Problem description: Line by line, return the listing exactly, without any of the images.

--- Given material Enclosed Below ---

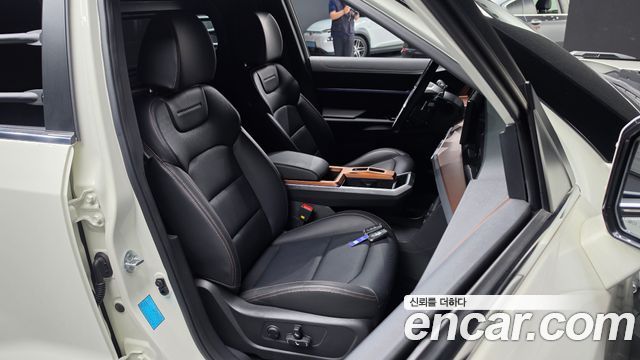 KG Mobility (SsangYong) Torres EVX TV7 2024 — фото 32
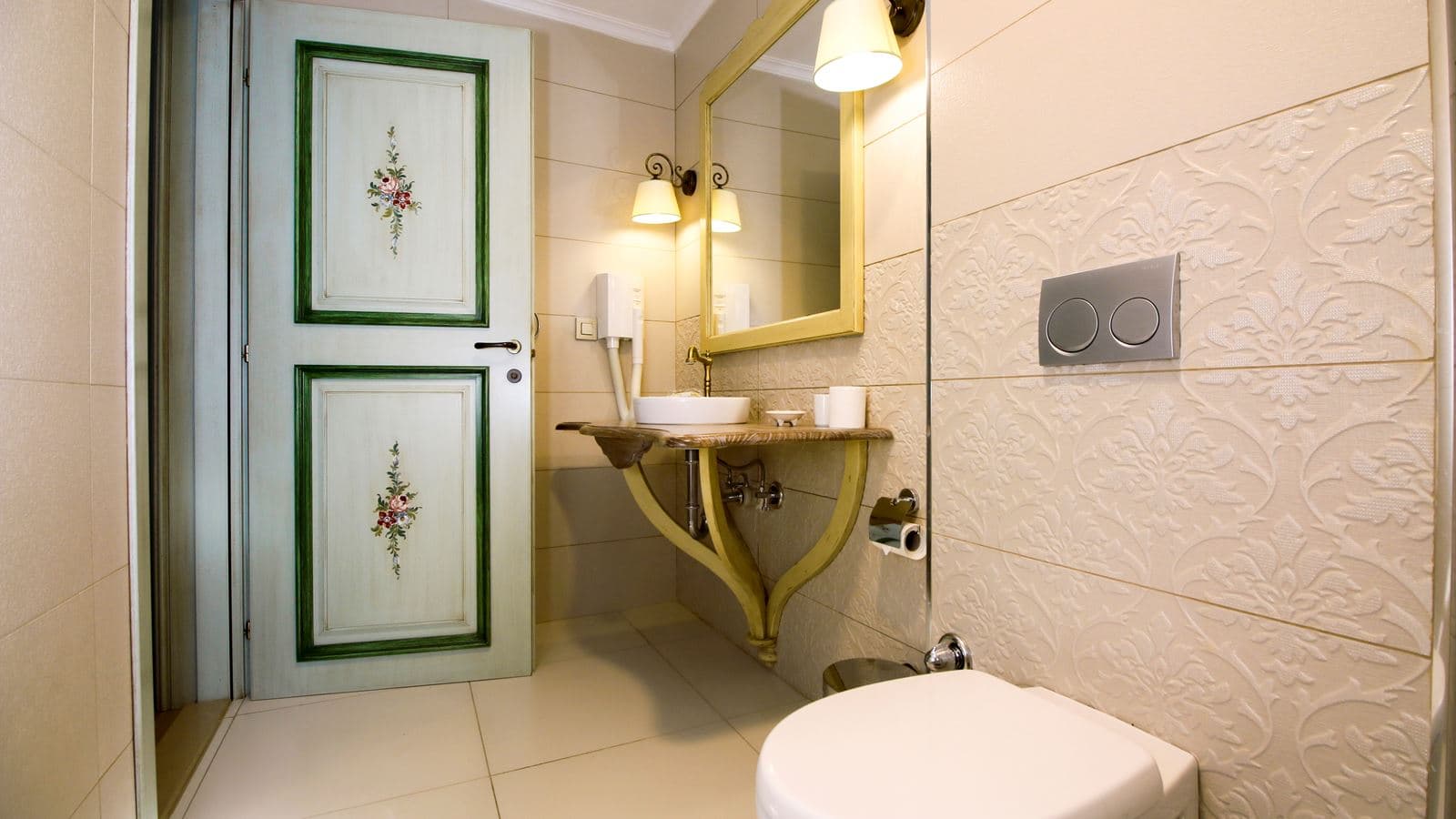 rooms-standard-land-view-room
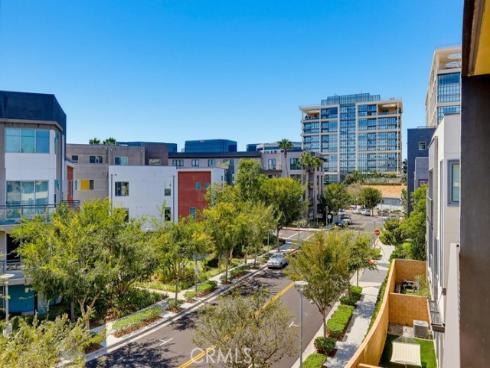 162  Bowery  , Irvine, CA
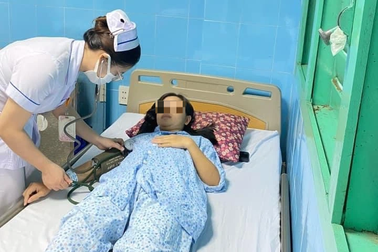 Nhập viện cấp cứu vì vỡ tử cung mới biết mình đang mang thai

--- End of Enclosed Given material ---

Result:
 KG Mobility (SsangYong) Torres EVX TV7 2024 — фото 32
 rooms-standard-land-view-room
 162  Bowery  , Irvine, CA
 Nhập viện cấp cứu vì vỡ tử cung mới biết mình đang mang thai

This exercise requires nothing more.